現在、9部門で約40名のバイヤーがいて、皆が“メロン箱”に込められた想いを大切に。本当においしいものをお求めになりやすい価格でお客様の食卓にお届けするべく、日々奮闘しています。こうして培ったバイヤーの目利き力の高さは、我々の強みの一つです」(星野鉄兵さん)
毎日の食事で、現地の味わいを
さて、話をワインに戻そう。『成城石井』に並ぶワインには、どのような特徴があるのか。
「そもそも食料品店ですので、仕入れるものもオリジナルのものも、全てのワインにおいて大切にしていることは、お食事に寄り添う味わいです。中でももっとも品揃えが多いのは、フランス・ボルドー地方のワイン。ボルドーのワインは味わいのバランスが取れていて、幅広いお料理に合います。
もう一つ大切にしていることが、現地の味わいそのままをお楽しみいただけることです。これは自社輸入を始めた1980年代からこだわっています。
当時、初代の石井社長がフランスで飲んだワインの味わいが国内で飲む味わいとちがうことに気がつき、いろいろ調べた結果、輸送方法を見直しました。それまでは温度管理をしていないコンテナで運んでいたのですが、暑い赤道直下を越える時にどうしても風味が劣化してしまうのです。コストはかかりますが定温管理されたコンテナで輸入することで、現地の味わいそのままをお楽しみいただけるようになりました」(星野鉄兵さん)
コストはかかってもおいしさを選ぶとは、さすがである。だがしかし、その分きっとお高いんでしょう?
「もっとも品揃えが多い成城店には常時900種類ほどのワインがあるのですが、大きなワインセラー5台の中には、1本1~3万円のものから30万円ほどする高級品もあります。でも、それはごく一部。毎日のお食事でカジュアルに楽しんでいただける、1本1000~2000円のテーブルワインも豊富に取り揃えていますよ。

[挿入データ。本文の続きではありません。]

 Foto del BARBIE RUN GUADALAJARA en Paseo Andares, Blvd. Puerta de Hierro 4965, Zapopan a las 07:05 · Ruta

全てのワインは、低温管理されたコンテナで輸入した後、定温定湿庫できちんと温度・湿度を管理して保管し、現地と変わらない味わいを守っています。テーブルワインも高級ワインと同じ環境で扱っていることも、私たちの強みです」(若林 遼さん)
ちなみにコストがかかるといっても自社輸入だから、中間マージンがかからず、結果的によりよい商品や食材が買い付けられる、と星野さん。
「自社輸入することで、より品質の高いものをローコストで買い付けられていると思います。これも、本当においしいものをお求めになりやすい価格で、コストパフォーマンス高くお客様の食卓にお届けできている要因の一つです」(星野鉄兵さん)
2025年夏に新登場「サマーヌーヴォ」
数々のおいしいワインがそろう『成城石井』だが、この夏は、南半球から届く4種の白ワイン「サマーヌーヴォ」がイチオシだ。いずれも1500円程度の求めやすいテーブルワインである。
ソムリエでもある若林さんが詳しく紹介してくれた。
「『ヌーヴォ』とは、収穫した年のブドウからつくられる新酒で、11月の第3木曜日に解禁されるフランスのボージョレ・ヌーヴォが有名です。そんなヌーヴォでも、私たちがおすすめしたいのは、南半球でつくられるフレッシュな白ワイン。南半球は日本と季節が反対なので、ちょうど夏に新酒が楽しめるんですよ。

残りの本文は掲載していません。